Associations divided on impact of Jones’ QAR advice reforms
While the Financial Services Council (FSC) largely supports the final tranche of Delivering Better Financial Outcomes reforms, the Financial Advice Association of Australia (FAAA) is “deeply concerned” about its negative implications on the industry.
Minister for Financial Services Stephen Jones unveiled the final response to the Quality of Advice Review on 7 December in Canberra.
Within this announcement, Jones outlined a new classification called ‘qualified advisers’ to enable licensed financial institutions including banks and insurers to provide simple advice.
“The government will expand the role of superannuation funds in providing advice to their members. Today, I can go further and announce that this model will apply across all financial institutions: superannuation funds, life and general insurers and banks,” Jones said.
Unlike bank advisers pre-Hayne Royal Commission, this new type of adviser will be prohibited from charging a fee and receiving commission.
In addition, Statements of Advice (SOAs) documents will now be replaced by an advice record that provides information in plain English.
“The record must be clear, concise and effective and actually help the client make an informed decision about the advice they have received,” Jones said.
They must also address the subject matter, the advice, the reasons for advice and the cost of advice as well as any benefits received by the adviser.
In response, numerous industry bodies have provided a mixed reaction to these frameworks to remove safe harbour steps and introduce a new class of adviser.
The FAAA painted a worrying picture, saying it could wind the clock back five years.
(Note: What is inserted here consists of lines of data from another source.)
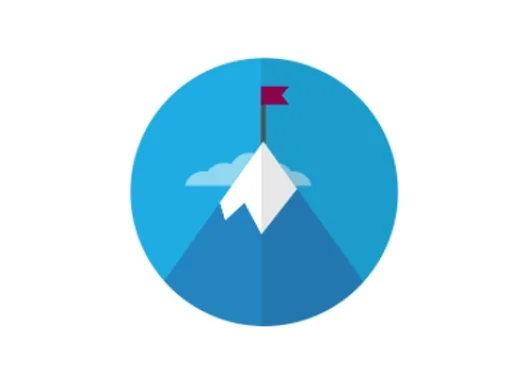A graphic illustrating a mountain with a flag right at the top.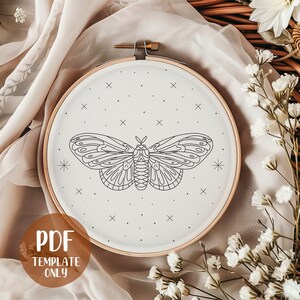Moth Hand Embroidery Template - PDF Template - DIY Hoop Art - Modern Embroidery Pattern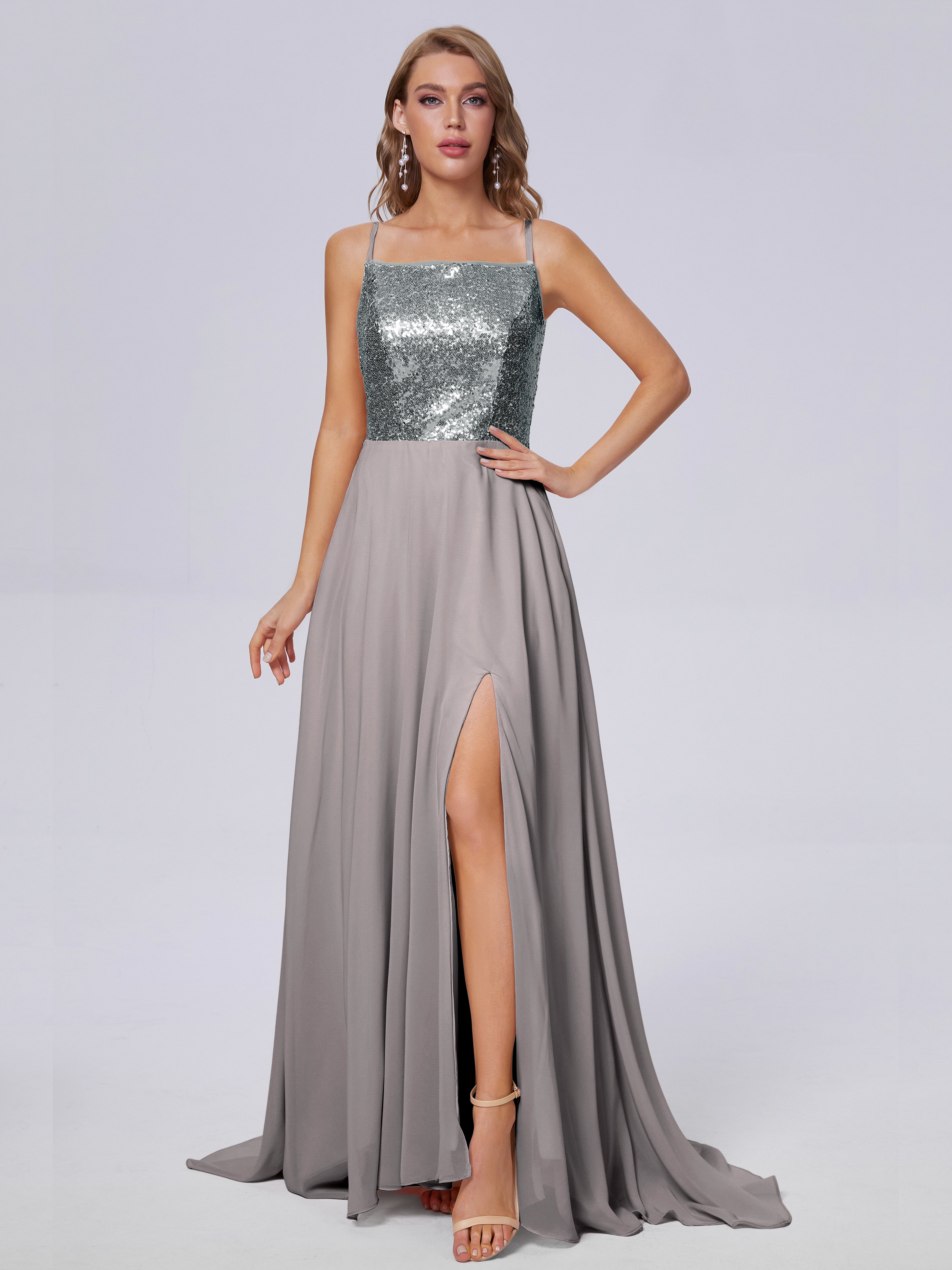 Gray sequin bridesmaid dresses best sale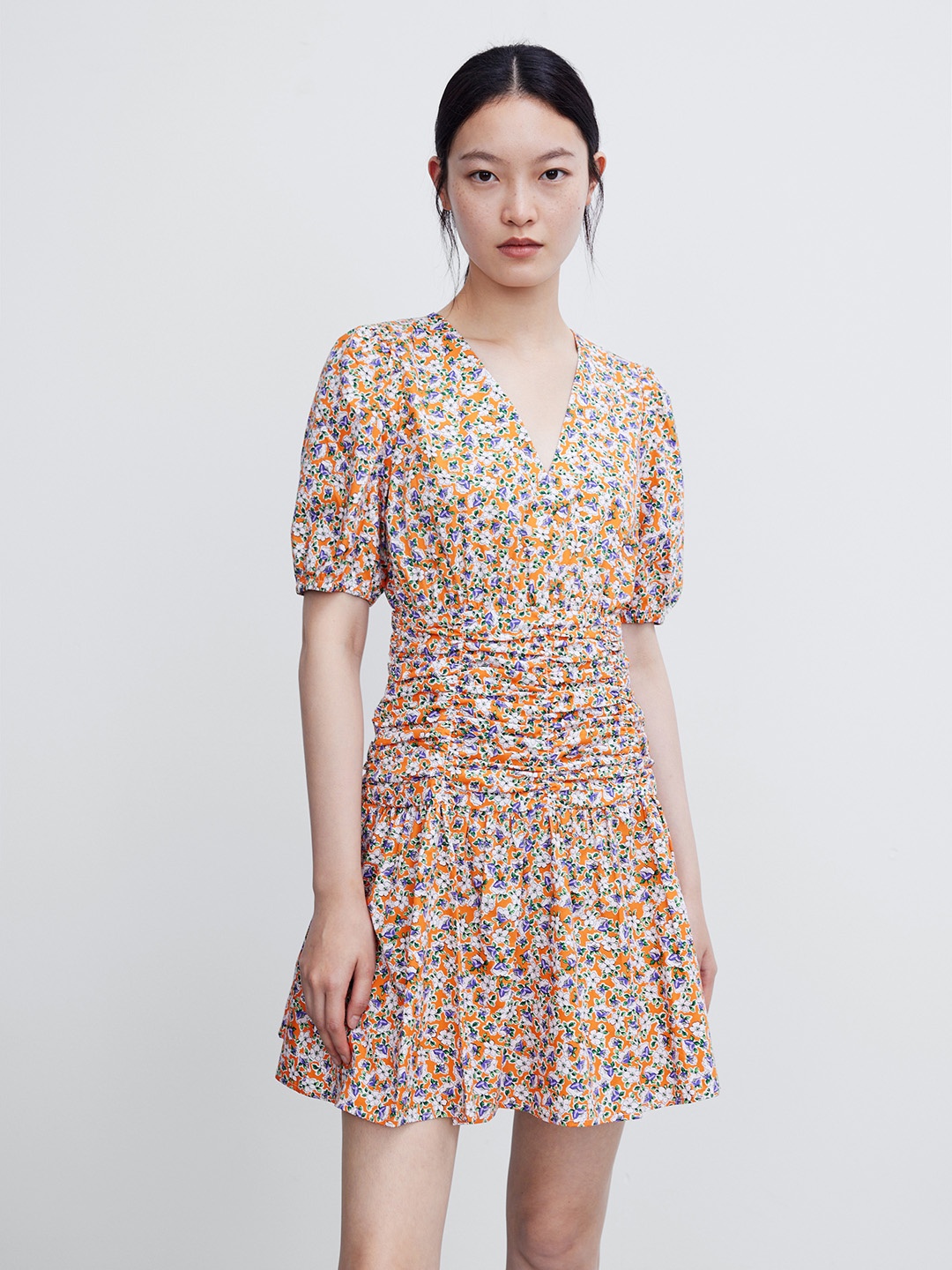 

Urban Revivo Pure Cotton Floral Print Puff Sleeve A-Line Dress, Orange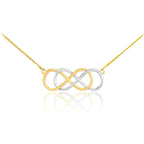 14k Two-Tone White and Yellow Gold Double Infinity Pendant Necklace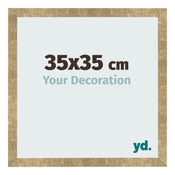 Cadre Photo 35x35cm Or Antique MDF Bologna De Face Mesure | Yourdecoration.fr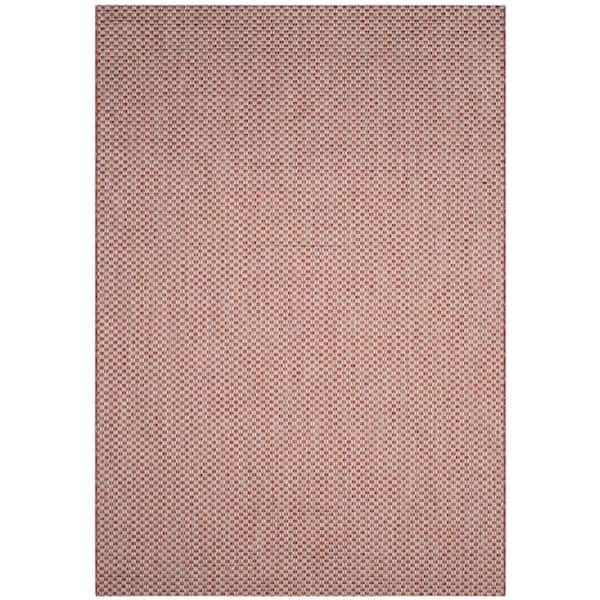 SAFAVIEH Courtyard Rust/Light Gray 7 ft. x 10 ft. Solid Indoor/Outdoor Patio  Area Rug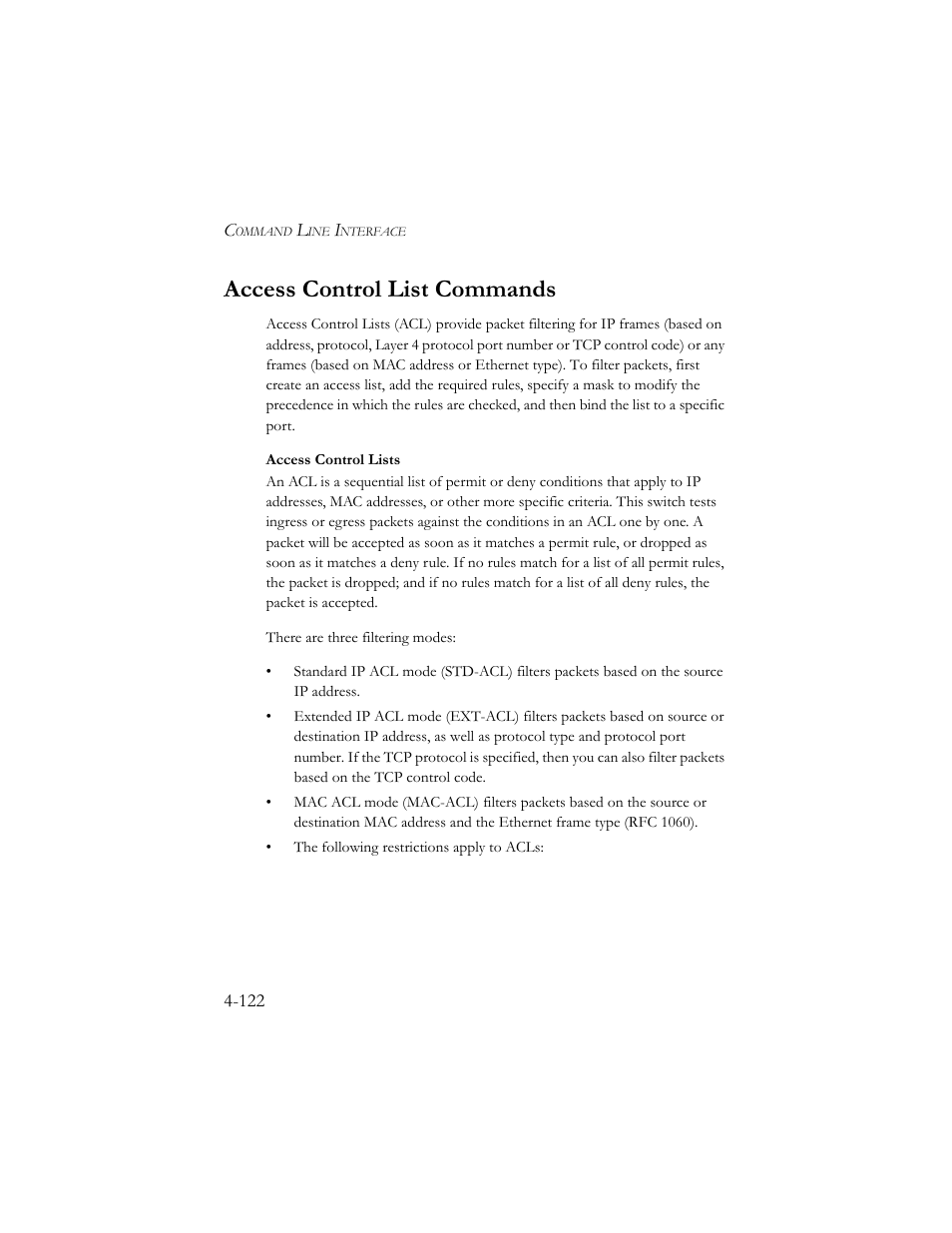 Access control list commands, Access control list commands -122 | SMC Networks SMC TigerStack III SMC6824MPE User Manual | Page 384 / 570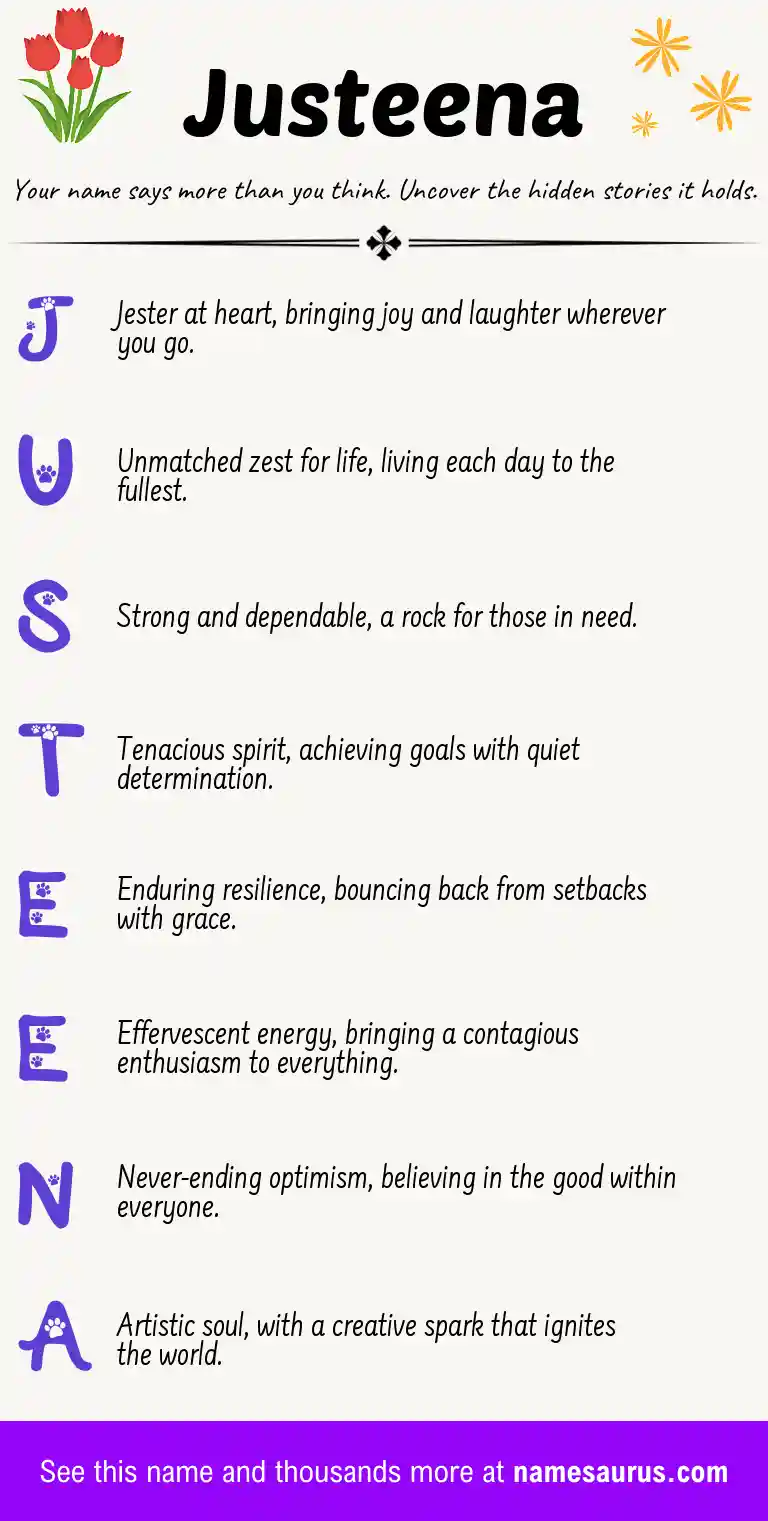 Acrostic poem about Justeena.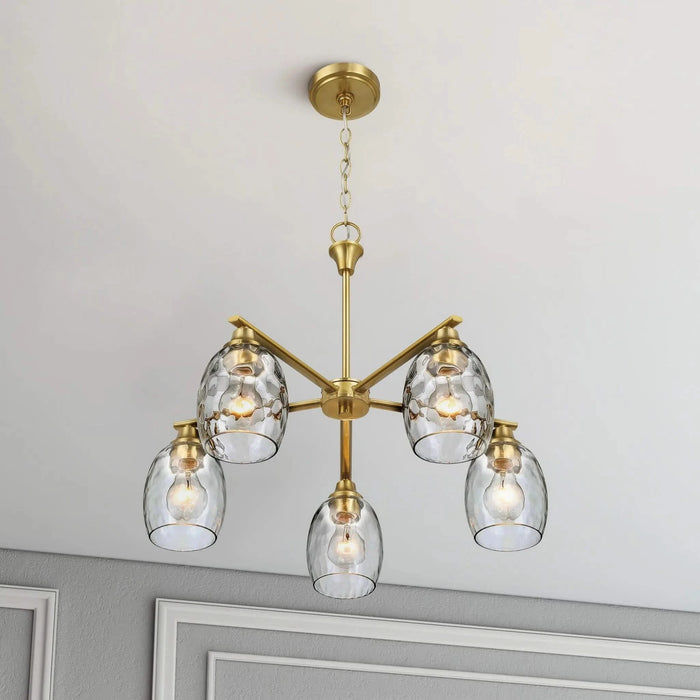 Elegance Five Lights Linear Arms Chandelier with Golden Brass Finish and Clear Water Glass 24'W x 8.5'H Default -DTYStore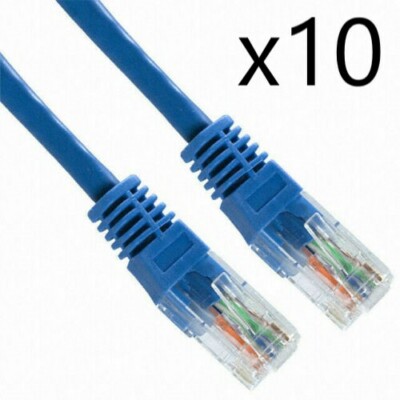 10 Pack Lot - 25ft CAT6 Ethernet Network LAN Router Patch Cable Cord Wire Blue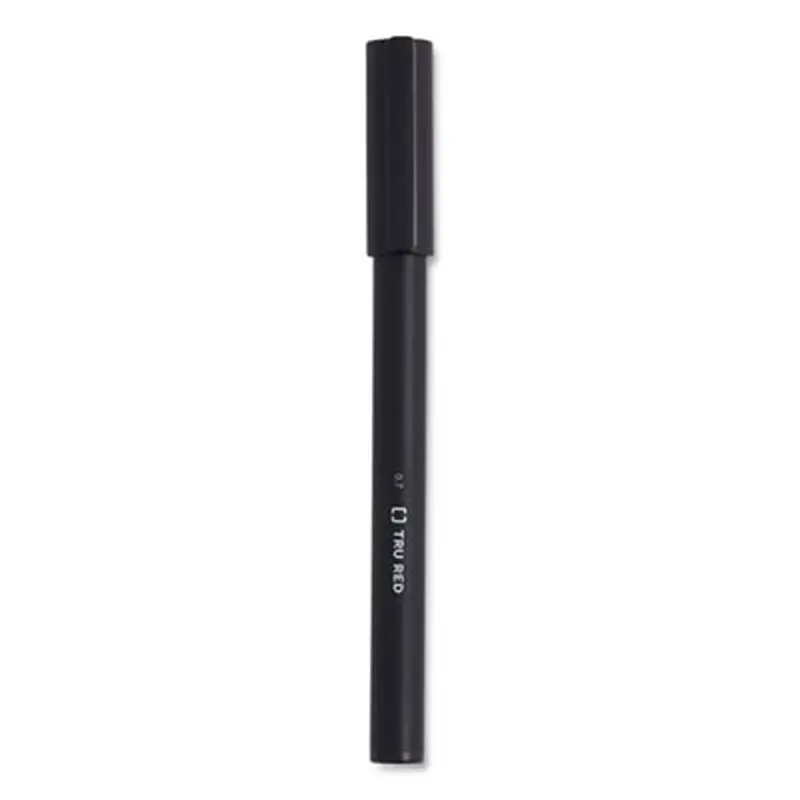 Quick Dry Gel Pen, Stick, Medium 0.7 mm, Black Ink, Black Barrel, 5/Pack - Pens | TRU RED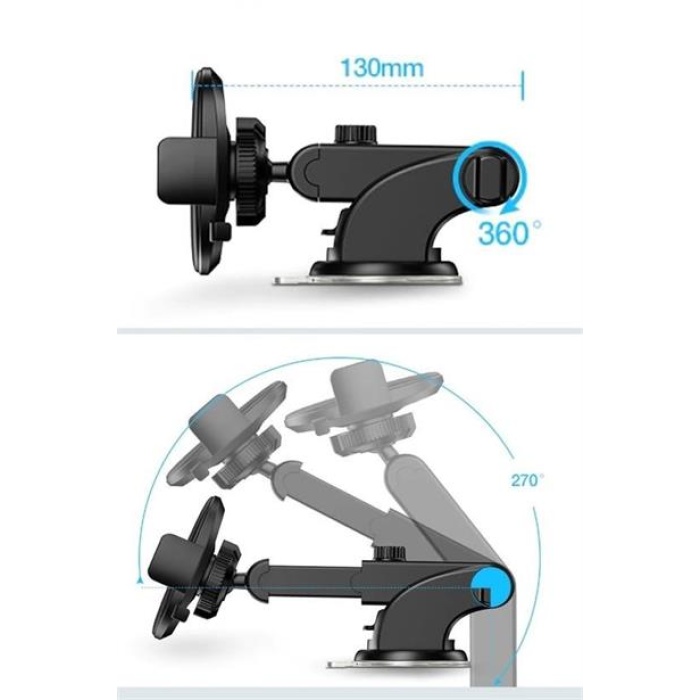 ® 360 Derece Dönen Torpido Üstü Uzunluk Ayarlamalı Vantuzlu Teleskopik Araç Telefon Tutucu
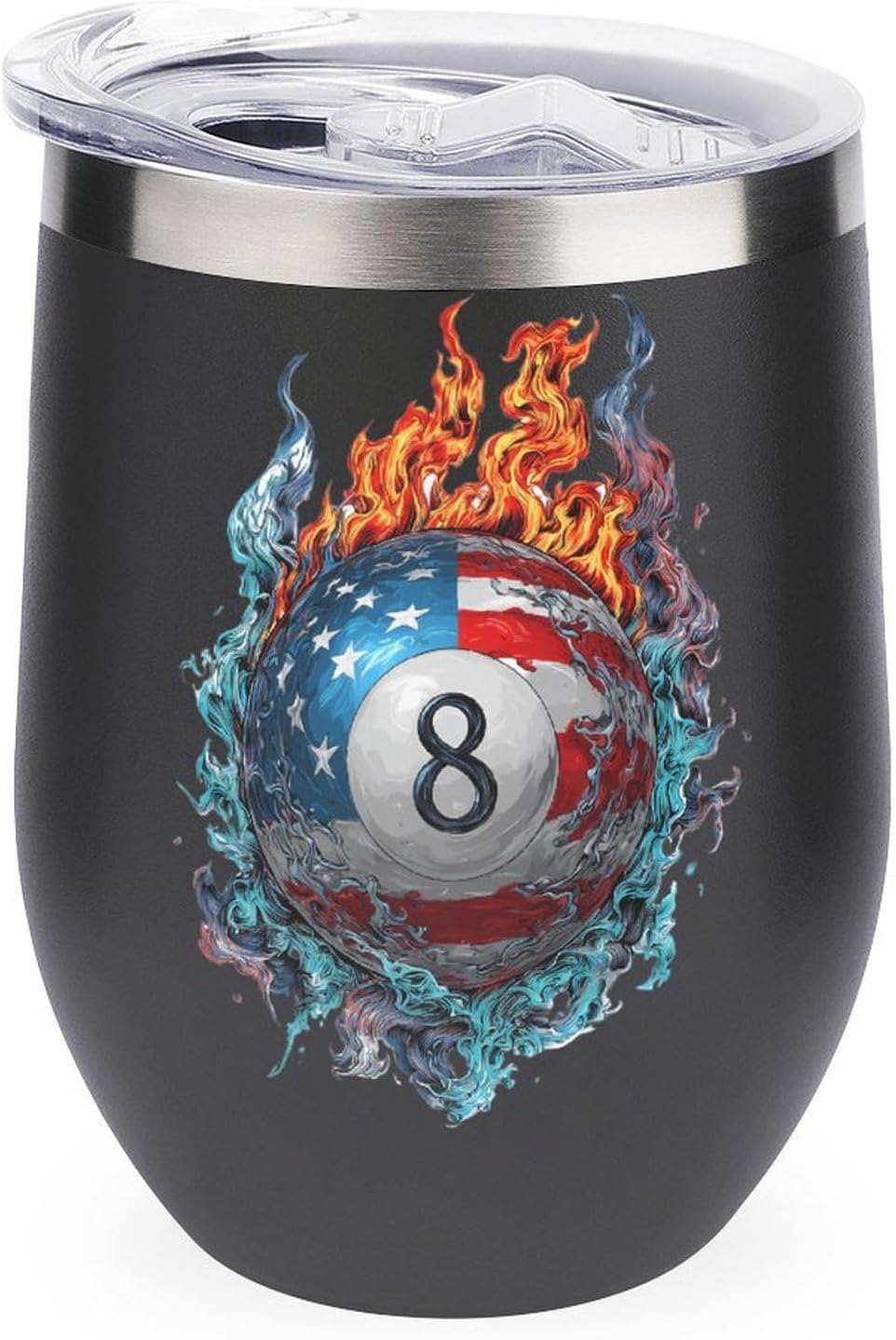 8 Billiards U.S.A. Flag Flame Waves Insulated Drinking Cup Stainless Steel Coffee Mug Wine Tumbler with Lid 12OZ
“There is little detail available at this stage, but on the face of it we are deeply concerned at the direction of these announcements,” said Sarah Abood, chief executive of the FAAA.
Abood believes the reforms appear to invalidate the hard work and pain involved in forming the advice profession and winning consumers’ trust.
She continued: “Specifically, the Minister has announced that any financial institution will be able to provide personal financial advice to consumers, using people who are not financial advisers – yet who would be called “qualified advisers”.
“There is no detail on the qualifications that would be required, however they would be substantially less than what is currently required to provide financial advice. Thus, the proposed term is self-contradictory and extremely likely to confuse consumers.”
While the FAAA noted some positives in the announcement, such as shorter SOAs and removing safe harbour steps, it doubled down on the confusing effect the ‘qualified advisers’ classification will have on consumers.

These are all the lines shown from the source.